Lo que es, al contrario, muy lógico, es que un profesor de Derecho Penal de izquierdas, enemigo declarado del punitivismo estatal, eligiera como ministro de seguridad a una antropóloga, también de izquierdas, sin otras credenciales que su militancia contra la violencia institucional. Sabina Fréderic, a ella nos referimos, ha orientado todos sus esfuerzos a limitar la actuación de las fuerzas del orden, hacia quienes cultiva un odio ideológico.

La sociedad, que sufre el flagelo de la inseguridad, puede esperar sentada otro ministro para que se solucionen sus problemas. 

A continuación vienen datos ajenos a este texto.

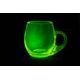 Smooth glass with handle (uranium glass), 500 ml, Glassworks Janov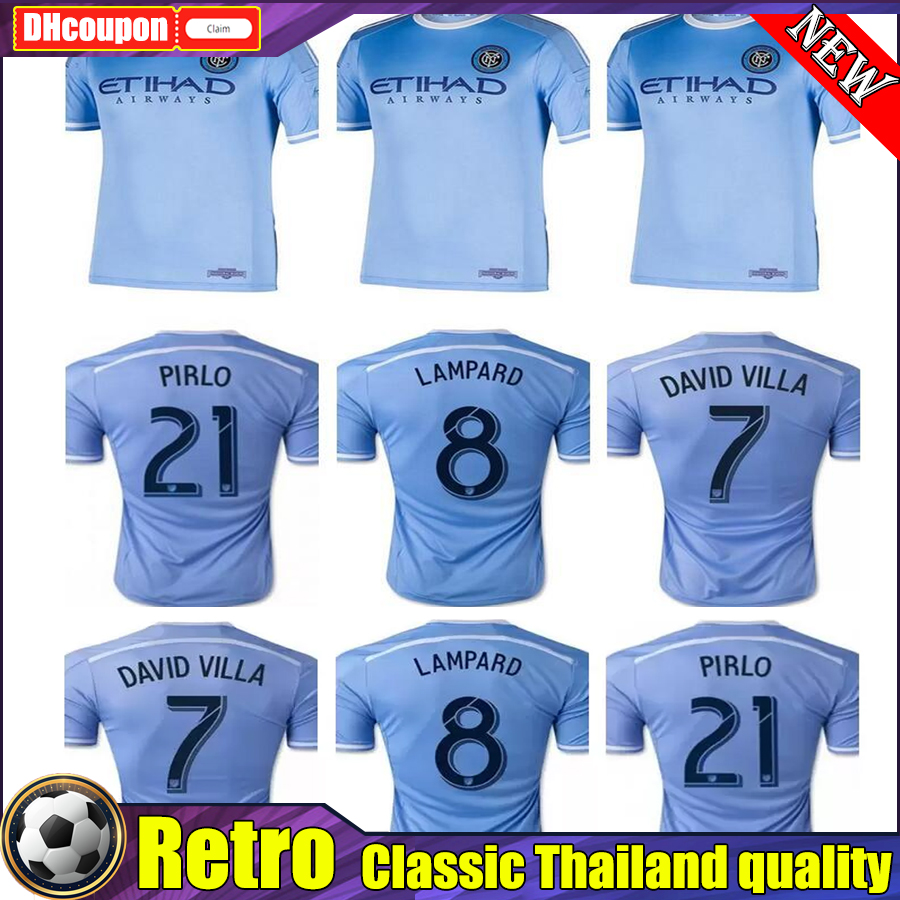 

15 16 New York Retro Soccer Jerseys vintage City PIRLO DAVID VILLA LAMPARD MIX Home Sky Blue Away Black 15 16 classic Vintage shirt with patches S-2XL top thai quality, 01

Doña Sabina encaja perfectamente, sin embargo, en un gabinete que parece el jardín florido de las ideologías y el yermo desierto de las aptitudes de gobierno.

El triste presidente vive en la ilusión de aparecer como un amigo del pueblo, pero el pueblo (mucho más que los progres urbanos) pide orden, para vivir en paz y trabajo, para vivir de lo propio… pide justamente aquello que el gobierno de Alberto Fernández parece empeñado en destruir.

Queda como consuelo que esta vez le haya tocado al títere de la tirana probar el amargo fruto de su política de seguridad

El ánimo social se caldea… y el argentino no vive sólo de las palabras que salen de la boca de Fernández. La ideología le jugó una mala pasada: se acercó a la región flagelada por los incendios de la Patagonia, buscando presentarse como el salvador que llega repartiendo ayudas, se dio un baño de pueblo con guardia reducida y, cuando el mar se agitó, su equipo se las vio negras para evacuarlo en una camioneta sin blindaje que terminó con los vidrios rotos por las pedradas.

Institucionalmente es una catástrofe, claro, pero no es más que el fruto de la estupidez y la falta de planificación, como todo lo que hace su gobierno. 

Los detenidos por el ataque fueron rápidamente puestos en libertad. A los chubutenses que perdieron todo por unos fuegos, cuya causa no ha sido aún determinada pero que dejaron una vez más en evidencia la ineptitud del aparato estatal para limitarlos, les queda como consuelo que esta vez le haya tocado al títere de la tirana probar el amargo fruto de su política de seguridad y de su abolicionismo penal.

El hecho, que causó estupor en todo el arco político y dio lugar a mensajes de solidaridad de varios dirigentes de la oposición, parece sólo un anticipo lo que espera a la casta que gobierna la Argentina.

El crecimiento del sentimiento antipolítico del que dan cuenta los sondeos de opinión de un año a esta parte debe ser motivo de preocupación para más de uno.

Mientras tanto, el pueblo sigue viviendo en carne propia la destrucción de aquello que alguna vez se llamó la Argentina.